Em discurso no evento com juristas, o advogado-geral da União, José Eduardo Cardozo, afirmou que o processo de impeachment contra a presidente Dilma Rousseff é "clamorosamente ofensivo" à Constituição, chamou de "golpe" a tentativa de dar prosseguimento ao procedimento e anunciou que o governo vai entrar com uma nova ação no STF para que sejam definidos "limites" para autoridades responsáveis por investigações com relação a sigilo telefônico.
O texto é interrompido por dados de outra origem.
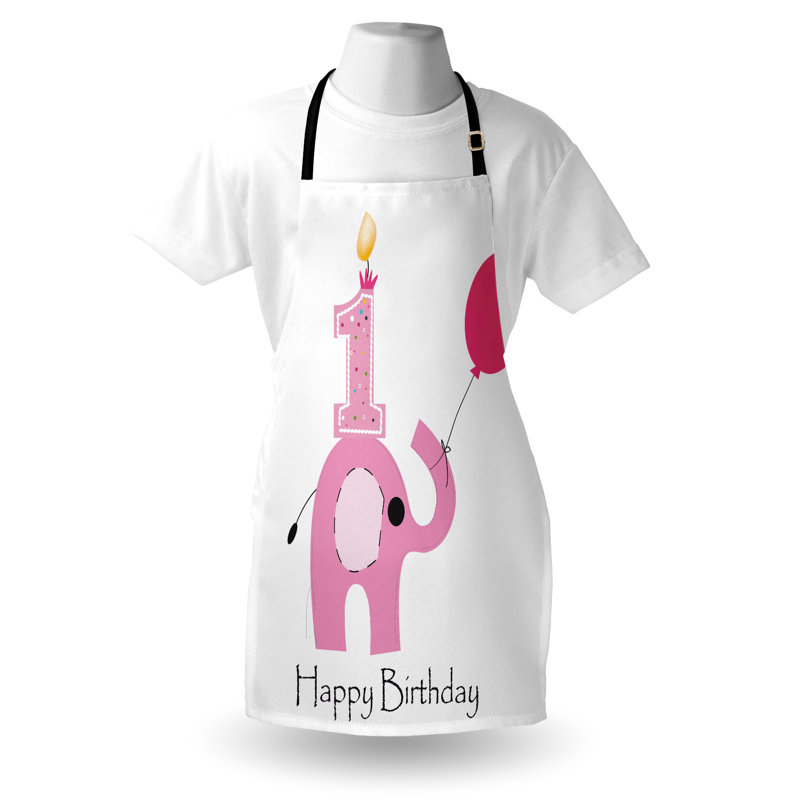 No Pattern Bib Apron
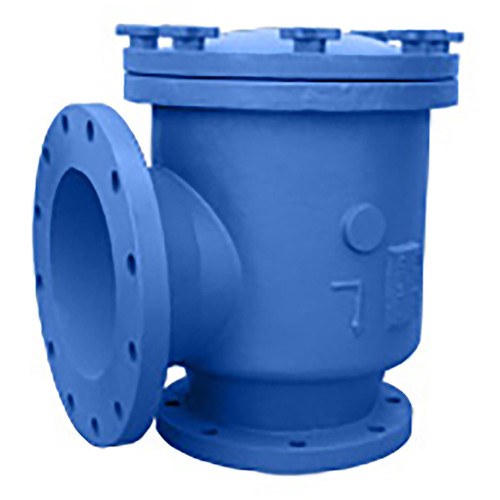  Titan Flow Control SD22I2.5X2.5 2 1/2 Inch X 2 1/2 Inch Suction Diffuser Strainer, Cast Iron, Flanged Ends, ASME Class 125, Epoxy Painted 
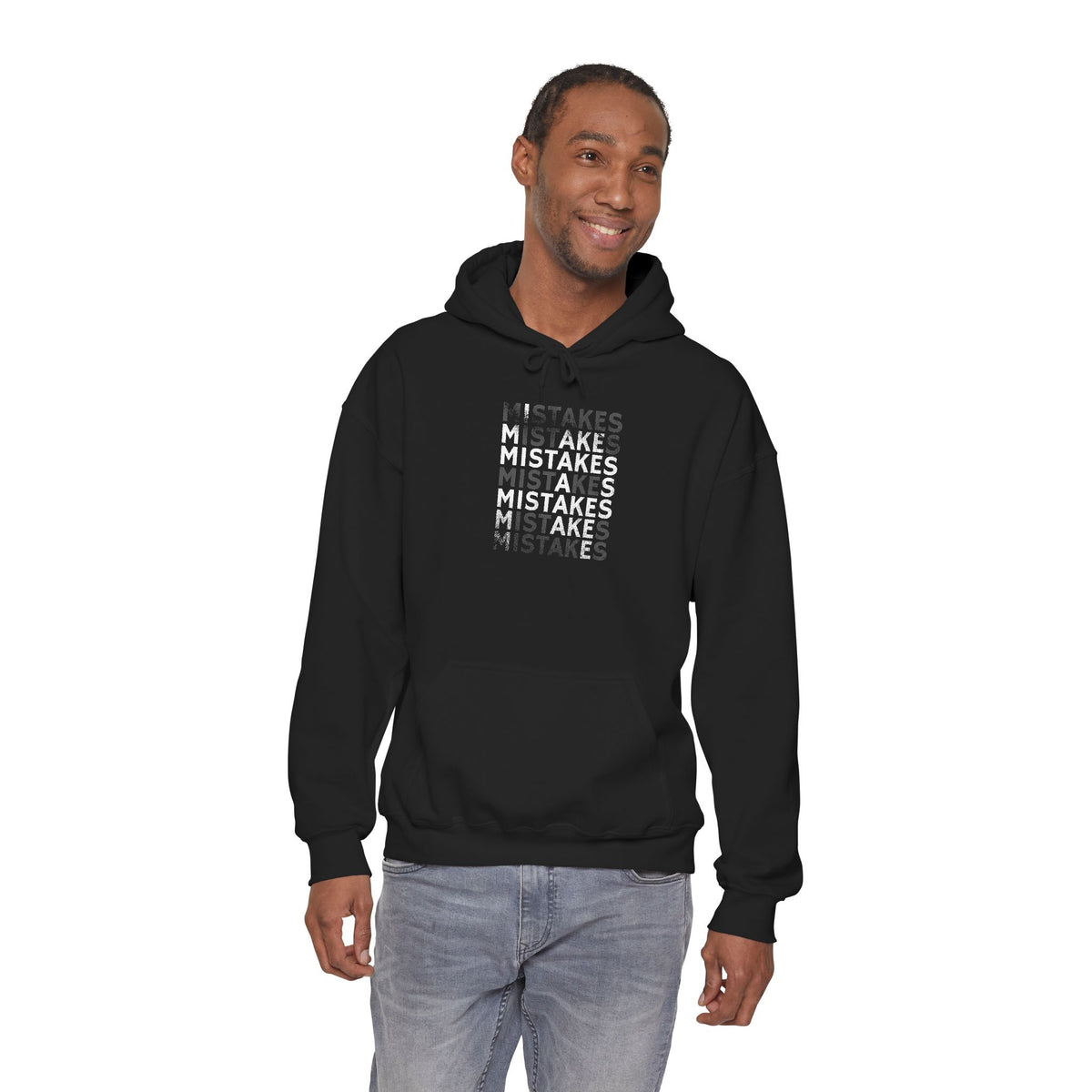 Mistakes Typography Hoodie – Inspirational Graphic Pullover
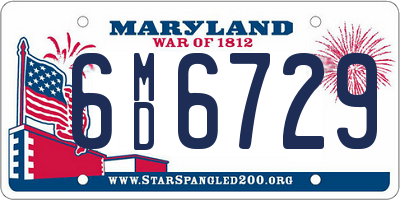 MD license plate 6MD6729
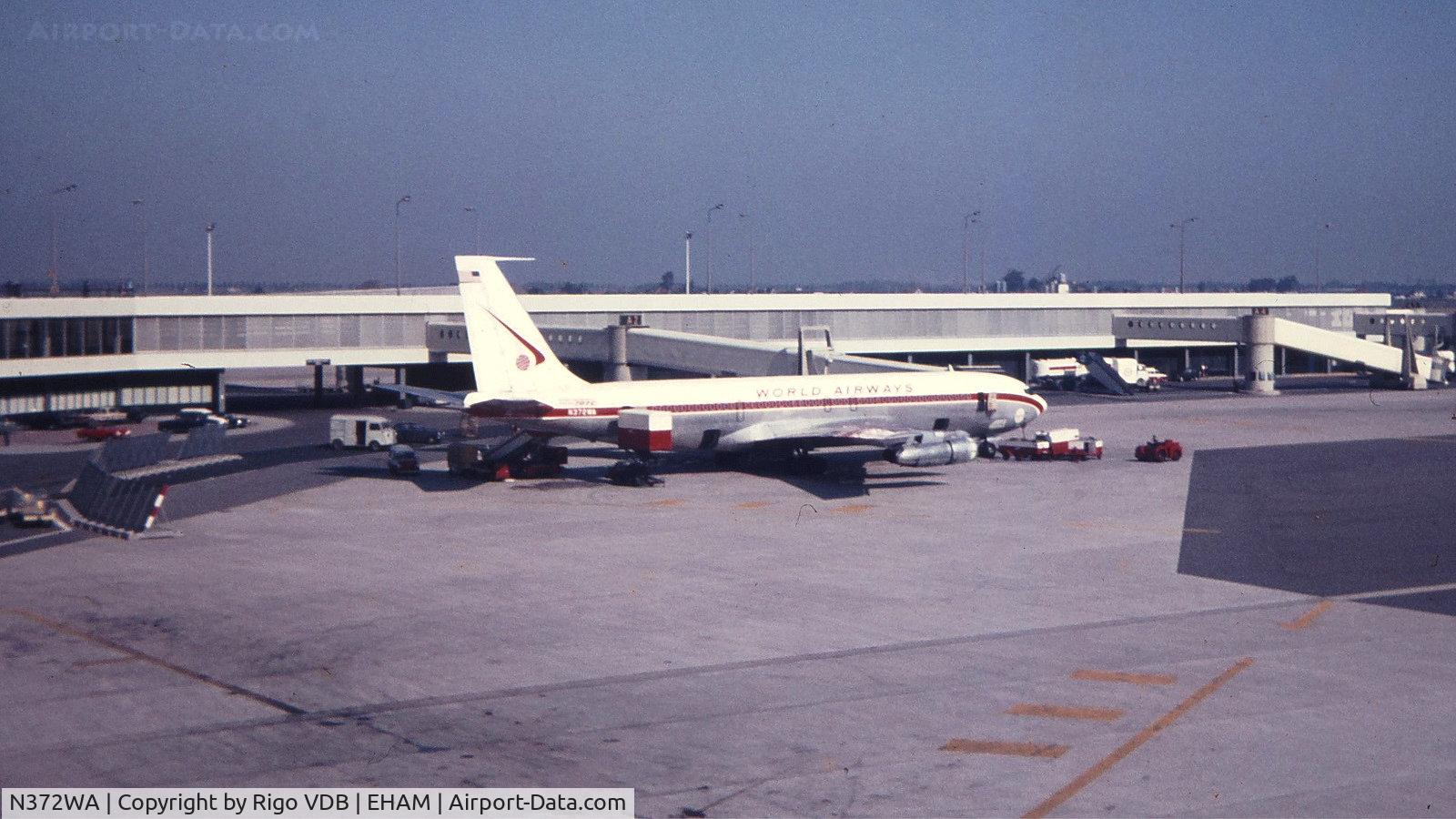 N372WA, 1966 Boeing 707-373C C/N 19179, At Schiphol in early 1970's.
A ação proposta será um processo de controle de constitucionalidade, portanto mais ampla do que mandados de segurança, por exemplo. Esse tipo de ação precisa ser discutido pelo plenário da Corte. Ele voltou a falar da divulgação de áudio interceptado por investigadores da Operação Lava Jato que  registrou conversa entre Dilma e o ex-presidente Luiz Inácio Lula da Silva. "Não é possível que conversas telefônicas que poderiam envolver eventuais situações a serem divulgadas não sejam encaminhadas ao STF", disse Cardozo.

"Desde o dia seguinte da eleição tentam encontrar um pretexto para o impeachment e pretexto para impeachment tem nome: é golpe", disse o advogado-geral. "Jamais imaginaria que teríamos que lutar muito para evitar retrocessos", disse ele.

Cardozo informou que o "processo de impeachment no presidencialismo não passa apenas por uma avaliação política", defendeu ele. É engraçado, as pessoas dizem que impeachment não é golpe porque está na Constituição. A figura jurídica está, mas se ela não corresponde à realidade isso não é impeachment", disse.

Críticas a Moro

Durante falas mais duras de advogados dirigidas a juízes, como Moro, a presidente Dilma conversava com Cardozo. No salão do Planalto, com slogan do governo federal atrás, os juristas tiveram discursos enfáticos de enfrentamento com integrantes do Judiciário e segmentos da imprensa. Moro chegou a ser chamado de "juiz do principado de Curitiba" pelo criminalista Alberto Toron "O que nós vemos é o próprio juiz do processo dando a público coisas que deveriam por força de lei ser mantidas em sigilo. Quando um juiz faz isso () nós temos uma franca impunidade para uma atividade marcadamente ilegal", disse Toron, sobre a divulgação dos áudios por Moro.

O governador do Maranhão, Flávio Dino (PCdoB), disse que há um crescimento "dramático" de "posições de classe fascista no País" Sob aplausos, ele comparou as forças armadas no passado recente do País à atuação de juízes atualmente, ao dizer que há uma "legalidade inflexível" e disse que "o mundo não está só nos autos (de processos)". "Ontem, as forças armadas, hoje a toga supostamente imparcial e democrática", disse o governador do Maranhão.

A respeito do impeachment, Dino disse que não há crime de responsabilidade por parte da presidente. "É preciso derrotar uma falácia de que o julgamento do impeachment é político. É um julgamento político, mas segundo critérios jurídicos. Ser julgamento político não significa vale-tudo, discricionariedade, arbitrariedade. É preciso conter os abusos judiciais", disse o governador do Maranhão.

Sem citar o nome do juiz Sérgio Moro ou outros magistrados, Flávio Dino disse que o Judiciário "não pode mandar carta para passeata". "E se o juiz quiser fazer passeata, há um caminho, basta pedir demissão do cargo. Não use a toga para fazer política", afirmou. Flávio Dino disse ainda que a Ordem dos Advogados do Brasil (OAB) apoiou o golpe militar de 1964. Na última sexta-feira, o plenário do Conselho Federal da entidade resolveu apoiar o processo de impeachment da presidente Dilma Rousseff.

 

 

Não cabem meias palavras: o que está em curso é um golpe contra a democracia. Eu jamais renunciarei.